LISTED ENTRIES >>
•••
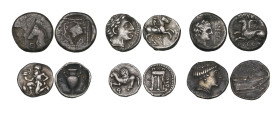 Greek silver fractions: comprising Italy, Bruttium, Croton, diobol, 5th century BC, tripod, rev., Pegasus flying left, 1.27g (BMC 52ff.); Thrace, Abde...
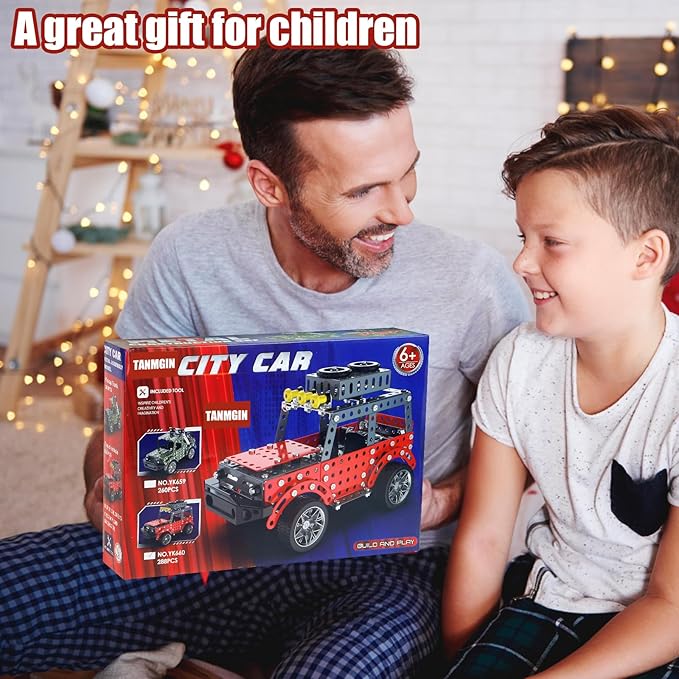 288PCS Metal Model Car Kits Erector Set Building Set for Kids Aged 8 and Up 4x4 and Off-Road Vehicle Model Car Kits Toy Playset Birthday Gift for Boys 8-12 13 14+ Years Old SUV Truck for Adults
•••
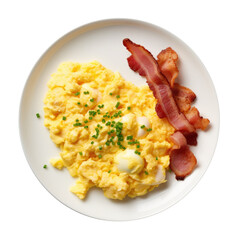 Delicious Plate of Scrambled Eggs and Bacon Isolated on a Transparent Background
•••
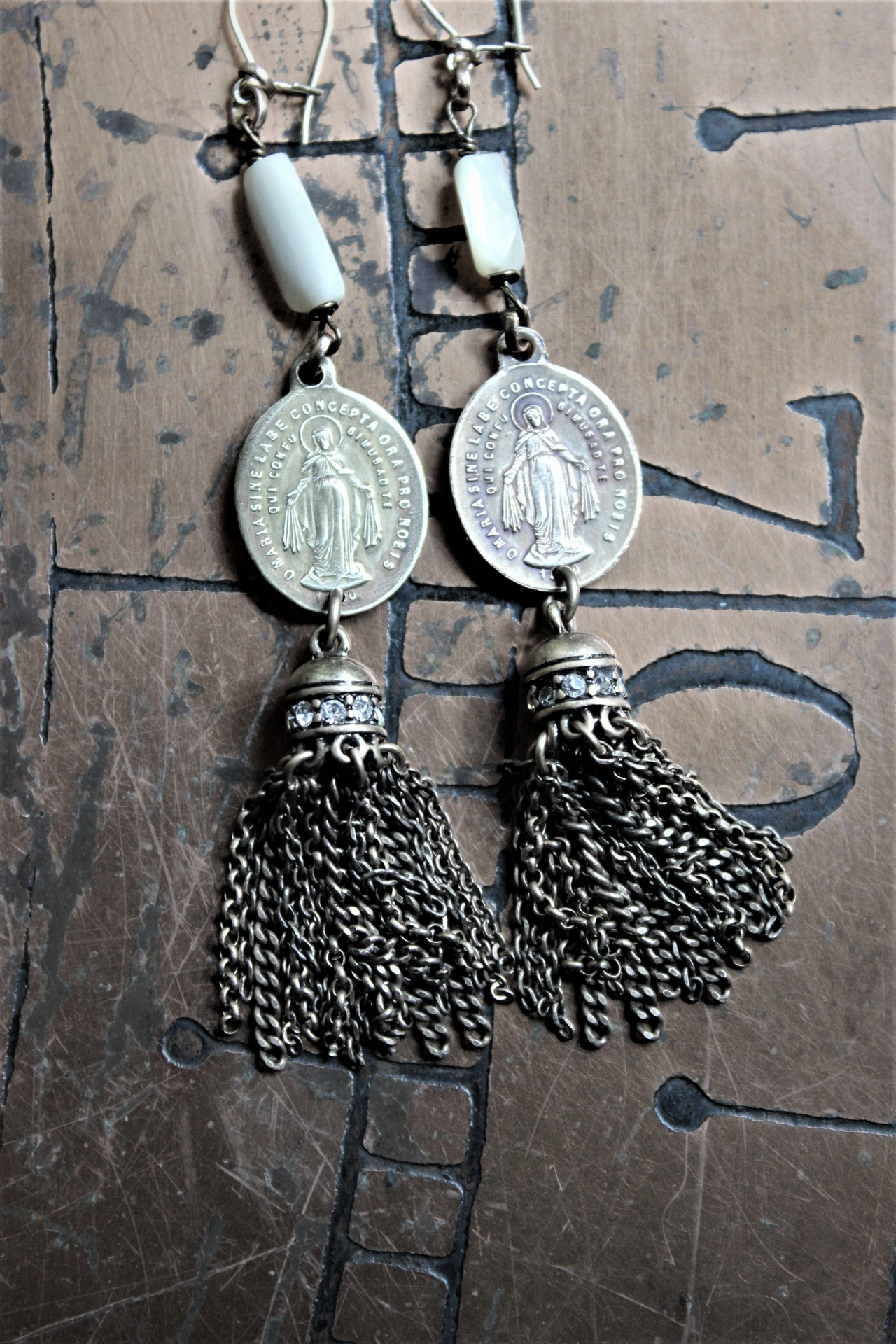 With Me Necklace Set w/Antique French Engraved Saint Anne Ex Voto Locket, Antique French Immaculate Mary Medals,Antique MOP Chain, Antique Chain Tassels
•••
YOUR OBJECTIVE >> Would you set down only the lines above from the line with "Greek silver fractions: comprising" to the line with "288PCS Metal Model", both included, exactly as they stand and without the pictures?

OUTPUT FOR THIS TASK >>
 Greek silver fractions: comprising Italy, Bruttium, Croton, diobol, 5th century BC, tripod, rev., Pegasus flying left, 1.27g (BMC 52ff.); Thrace, Abde...
 288PCS Metal Model Car Kits Erector Set Building Set for Kids Aged 8 and Up 4x4 and Off-Road Vehicle Model Car Kits Toy Playset Birthday Gift for Boys 8-12 13 14+ Years Old SUV Truck for Adults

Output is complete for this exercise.